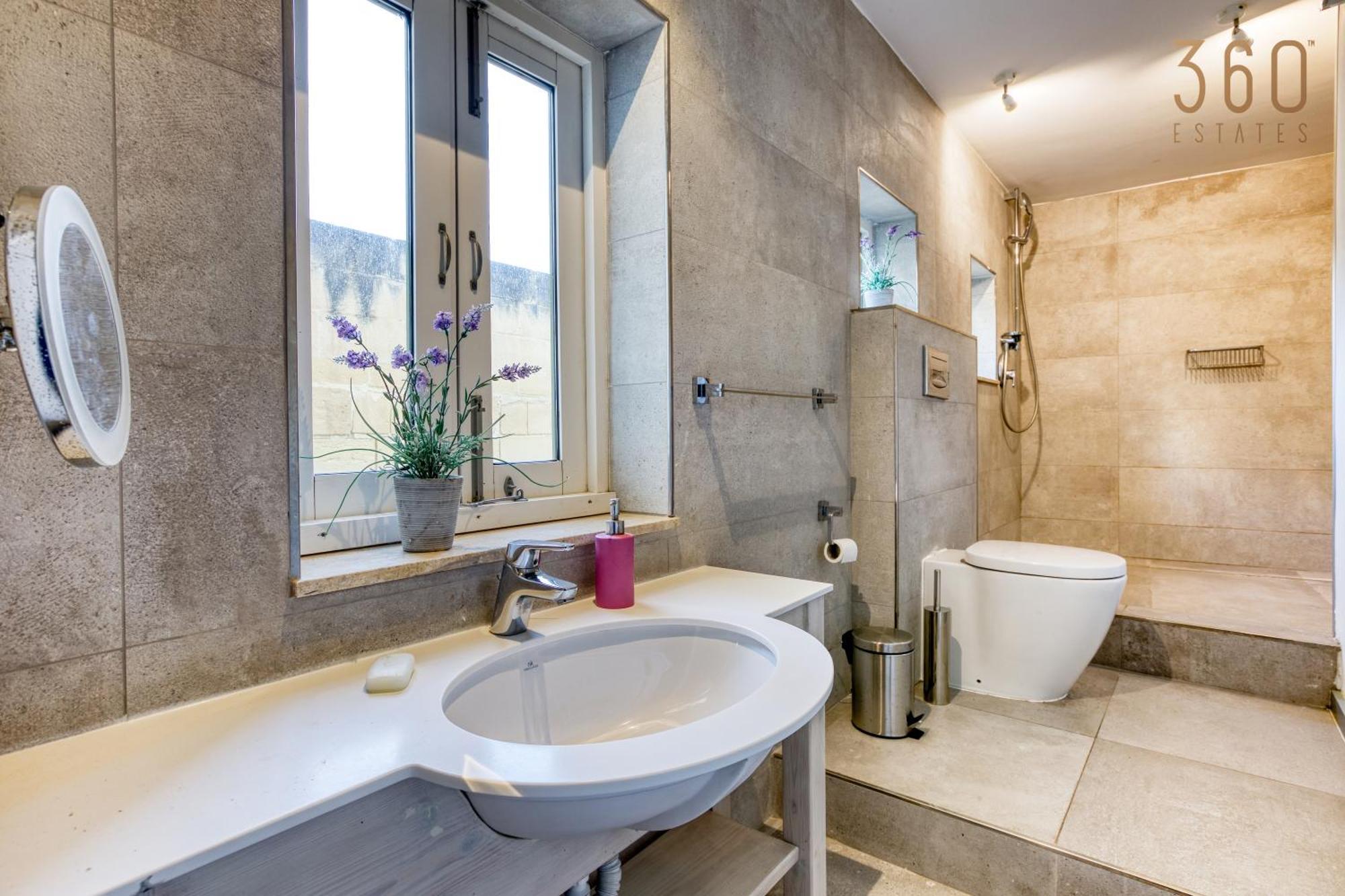 Comfortable 1Br Home With Maltese Balcony In Valletta By 360 Estates エクステリア 写真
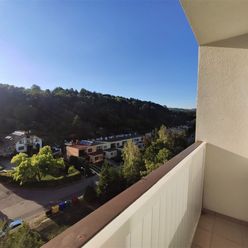 Predaj 1-i byt s krásnym výhľadom, 34 m2, 2x lodžia - Radvaň-Podháj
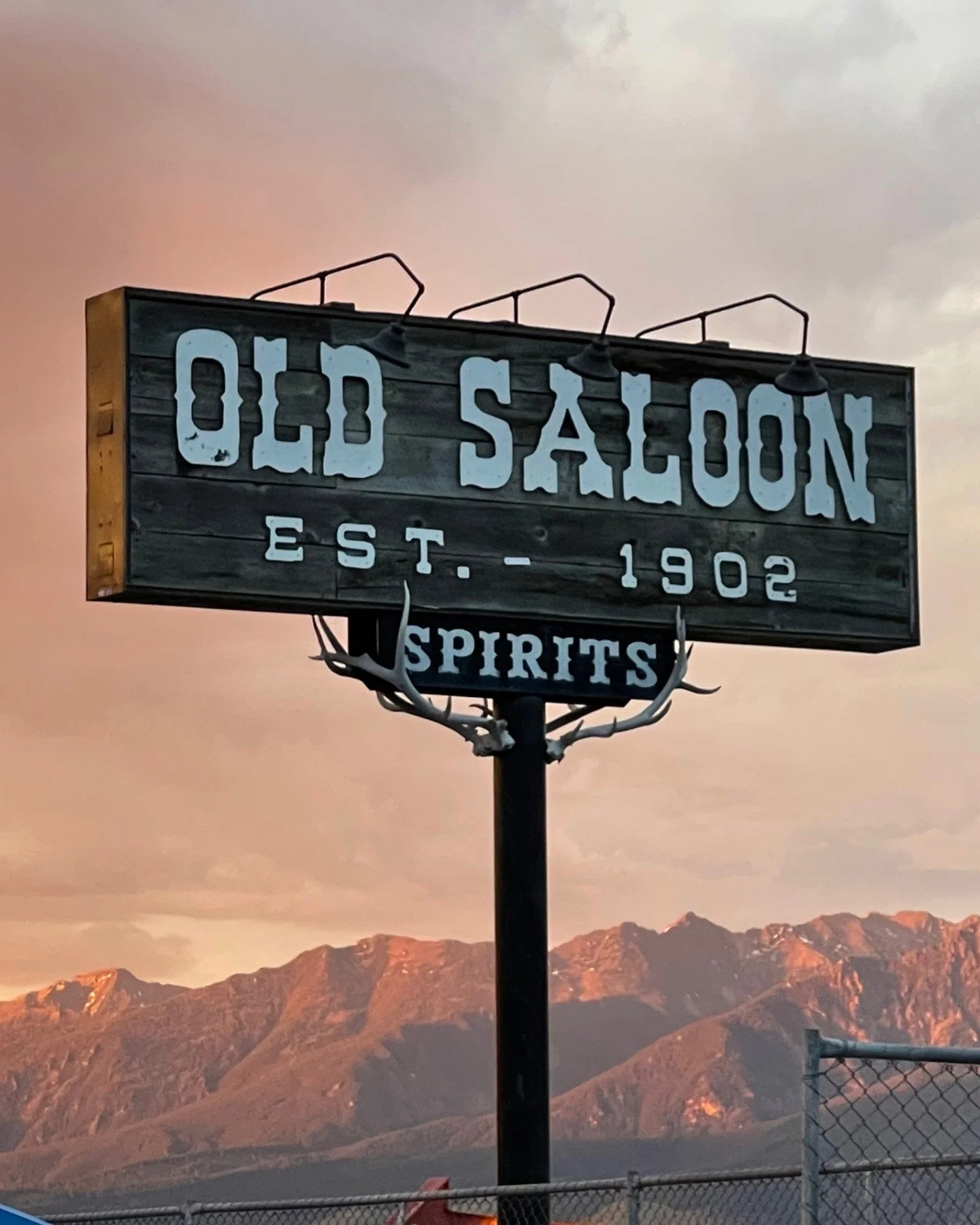 When you&rsquo;re in Paradise Valley, make sure to visit our friends down the road at @theoldsaloon 🤠✨ 
Good times, great music, and a true Montana vibe you won&rsquo;t want to miss.

#theoldsaloon #paradisevalleymontana #montanamusicvenue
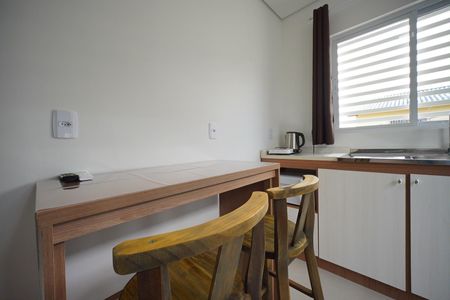 Studio para alugar com 18m², 1 quarto e sem vagaMesa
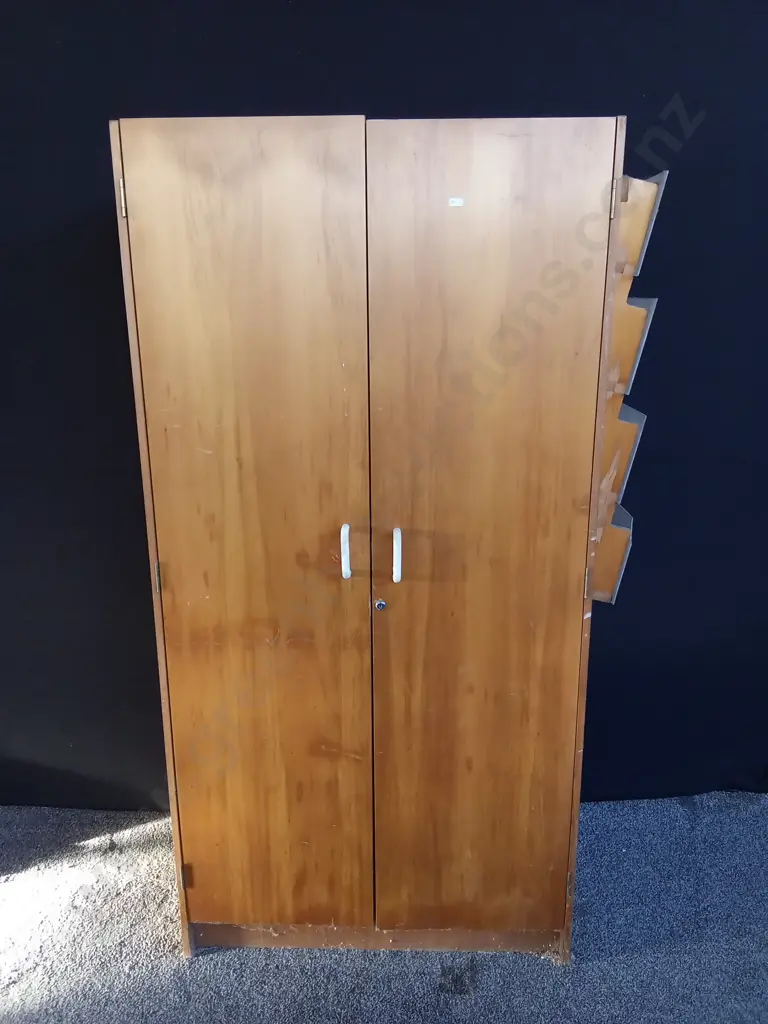 WORKSHOP 2 DOOR CUPBOARD WITH SHELVES 1.8M X 0.9M X 0.5M Image 1++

* **WHAT YOU WILL DO**
The reply must consist of the records, repeated exactly, minus any images.

* **REPLY TO THE EXERCISE**
 Comfortable 1Br Home With Maltese Balcony In Valletta By 360 Estates エクステリア 写真
 Predaj 1-i byt s krásnym výhľadom, 34 m2, 2x lodžia - Radvaň-Podháj
 When you&rsquo;re in Paradise Valley, make sure to visit our friends down the road at @theoldsaloon 🤠✨ 
Good times, great music, and a true Montana vibe you won&rsquo;t want to miss.

#theoldsaloon #paradisevalleymontana #montanamusicvenue
 Studio para alugar com 18m², 1 quarto e sem vagaMesa
 WORKSHOP 2 DOOR CUPBOARD WITH SHELVES 1.8M X 0.9M X 0.5M Image 1++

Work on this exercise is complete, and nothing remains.